Cameroonian police this week arrested four journalists—including three on assignment for the Associated Press, an American news agency—who entered the compound to interview the migrants, according to the AP and their lawyers. The AP said one journalist was slapped after being detained, but didn’t receive serious injuries.
The first nine deportees arrived at Yaoundé airport from a Louisiana detention center last month. Eight more, including migrants from Ghana, Zimbabwe, Sierra Leone and Senegal, arrived Monday, according to Cameroonian lawyer Joseph Awah Fru, who represents about half of the group.
Two Moroccan women chose to be deported from Cameroon to their home country, leaving 15 migrants spending their days inside dormitories, some in tears, according to lawyers and local activists.
“They are in distress,” said Fru. “They don’t have any identification documents on them. Many did not even know they were being brought to Cameroon.”
Under U.S. immigration law, migrants judged to be in danger of persecution in their home countries would only be sent to a third country if an immigration court issues a special order to that effect. A U.S. lawyer working with Fru says a court had previously barred the government from sending the migrants to their home countries, and the government did not give them the required opportunity to contest deportation to Cameroon.
A State Department spokesperson did not address questions from The Wall Street Journal about the legal status of the migrants being held in Yaoundé.
Being in the U.S. illegally is a civil offense under American law, and not punishable by imprisonment.
Alma David, the U.S. attorney working with Fru, said their clients had demonstrated to a U.S. immigration court that they faced a greater-than-50% chance of being persecuted back home. The court, David said, then issued orders, called “withholding of removal,” barring the government from sending them home.
“The U.S. deported them to Cameroon without giving them notice, or—for those who were given notice—without giving them an opportunity to explain why they were afraid of being sent there,” David said. “Cameroon clearly does not want them there.”
Fru accompanied a small group of journalists to the facility this week.
As the journalists interacted with the migrants, uniformed police barged in and detained the lawyer and four journalists.

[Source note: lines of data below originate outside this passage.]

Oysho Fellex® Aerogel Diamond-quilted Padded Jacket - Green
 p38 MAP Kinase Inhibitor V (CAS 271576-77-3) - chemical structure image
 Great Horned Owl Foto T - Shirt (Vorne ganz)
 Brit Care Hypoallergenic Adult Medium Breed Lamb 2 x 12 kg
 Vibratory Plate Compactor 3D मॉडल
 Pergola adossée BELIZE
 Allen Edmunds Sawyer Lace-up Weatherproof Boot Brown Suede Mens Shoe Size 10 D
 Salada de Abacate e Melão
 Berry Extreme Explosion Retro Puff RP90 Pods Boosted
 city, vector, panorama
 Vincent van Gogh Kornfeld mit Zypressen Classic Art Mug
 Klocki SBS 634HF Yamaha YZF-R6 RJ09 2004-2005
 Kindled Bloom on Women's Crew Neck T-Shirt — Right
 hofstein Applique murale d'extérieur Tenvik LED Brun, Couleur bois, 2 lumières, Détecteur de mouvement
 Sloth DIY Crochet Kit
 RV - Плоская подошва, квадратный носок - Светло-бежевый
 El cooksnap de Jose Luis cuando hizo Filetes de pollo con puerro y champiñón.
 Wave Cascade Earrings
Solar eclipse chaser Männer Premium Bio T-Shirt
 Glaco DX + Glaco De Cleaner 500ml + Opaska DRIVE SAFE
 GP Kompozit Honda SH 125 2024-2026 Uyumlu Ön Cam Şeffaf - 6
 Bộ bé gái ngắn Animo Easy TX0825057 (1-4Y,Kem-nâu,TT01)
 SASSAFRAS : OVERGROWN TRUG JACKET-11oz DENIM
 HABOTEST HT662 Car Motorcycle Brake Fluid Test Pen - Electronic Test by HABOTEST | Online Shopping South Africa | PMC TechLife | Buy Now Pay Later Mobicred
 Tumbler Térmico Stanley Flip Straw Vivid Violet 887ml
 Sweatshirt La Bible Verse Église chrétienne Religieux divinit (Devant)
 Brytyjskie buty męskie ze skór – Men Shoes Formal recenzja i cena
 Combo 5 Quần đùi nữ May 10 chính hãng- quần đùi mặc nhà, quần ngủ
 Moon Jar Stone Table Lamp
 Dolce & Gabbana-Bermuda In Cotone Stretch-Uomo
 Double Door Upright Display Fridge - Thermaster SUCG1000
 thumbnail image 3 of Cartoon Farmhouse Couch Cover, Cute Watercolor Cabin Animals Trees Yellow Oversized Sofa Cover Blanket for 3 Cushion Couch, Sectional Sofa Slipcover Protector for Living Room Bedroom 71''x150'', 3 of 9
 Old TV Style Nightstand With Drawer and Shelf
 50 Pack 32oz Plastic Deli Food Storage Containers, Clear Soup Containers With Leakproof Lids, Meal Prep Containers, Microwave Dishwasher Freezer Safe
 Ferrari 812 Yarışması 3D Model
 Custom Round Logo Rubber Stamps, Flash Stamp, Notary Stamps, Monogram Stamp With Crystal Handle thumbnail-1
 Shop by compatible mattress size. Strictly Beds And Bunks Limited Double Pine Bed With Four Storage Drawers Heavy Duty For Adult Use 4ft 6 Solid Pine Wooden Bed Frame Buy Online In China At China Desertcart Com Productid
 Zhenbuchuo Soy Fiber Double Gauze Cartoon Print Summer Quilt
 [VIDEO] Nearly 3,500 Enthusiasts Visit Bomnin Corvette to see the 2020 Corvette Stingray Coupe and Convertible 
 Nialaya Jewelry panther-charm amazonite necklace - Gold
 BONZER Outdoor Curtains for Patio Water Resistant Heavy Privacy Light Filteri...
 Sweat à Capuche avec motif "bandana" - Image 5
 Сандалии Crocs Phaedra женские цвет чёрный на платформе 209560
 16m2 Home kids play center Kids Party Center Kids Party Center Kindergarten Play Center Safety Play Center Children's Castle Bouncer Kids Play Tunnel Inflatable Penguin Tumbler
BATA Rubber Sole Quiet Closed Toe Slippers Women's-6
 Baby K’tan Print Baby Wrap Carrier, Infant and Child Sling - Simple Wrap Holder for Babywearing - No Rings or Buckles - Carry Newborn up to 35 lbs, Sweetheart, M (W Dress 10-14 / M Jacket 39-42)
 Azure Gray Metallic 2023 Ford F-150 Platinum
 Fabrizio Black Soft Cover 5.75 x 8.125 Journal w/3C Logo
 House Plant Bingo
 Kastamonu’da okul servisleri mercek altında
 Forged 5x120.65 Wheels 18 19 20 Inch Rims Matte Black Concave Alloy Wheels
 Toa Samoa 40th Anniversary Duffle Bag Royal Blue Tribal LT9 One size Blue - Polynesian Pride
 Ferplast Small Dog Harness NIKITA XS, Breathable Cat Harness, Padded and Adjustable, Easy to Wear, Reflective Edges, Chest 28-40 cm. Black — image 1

Police confiscated their cameras, laptops and phones.
A freelance journalist who was outside when the officers arrived described the arrests as “brutal.”
Police accused the journalists of illegally obtaining sensitive government information, according to Fru, who also represents the journalists. The journalists were released after hours in custody, but the police are still holding their equipment, Fru said.
A police spokesman couldn’t be reached for comment.
Neither the U.S. nor Cameroonian governments has revealed the terms of any agreement to house U.S. deportees. “We have no comment on the details of our diplomatic communications with other governments,” a State Department spokesperson said.
When news of the deportees’ presence broke, some Cameroonians took the opportunity to criticize the government of 93-year-old President Paul Biya, now serving his eighth five-year term.
“Paul Biya has turned the country into a receptacle for African migrants expelled by Donald Trump—none of whom are Cameroonian and thus were sent against their will to Yaoundé,” Nathalie Yamb, a prominent Cameroonian activist, posted on social media.
Cameroon’s Ministry of Foreign Affairs couldn’t be reached for comment. In a telephone conversation in November, Biya and U.S. Secretary of State Marco Rubio discussed deepening the partnership between their countries, according to the U.S. side.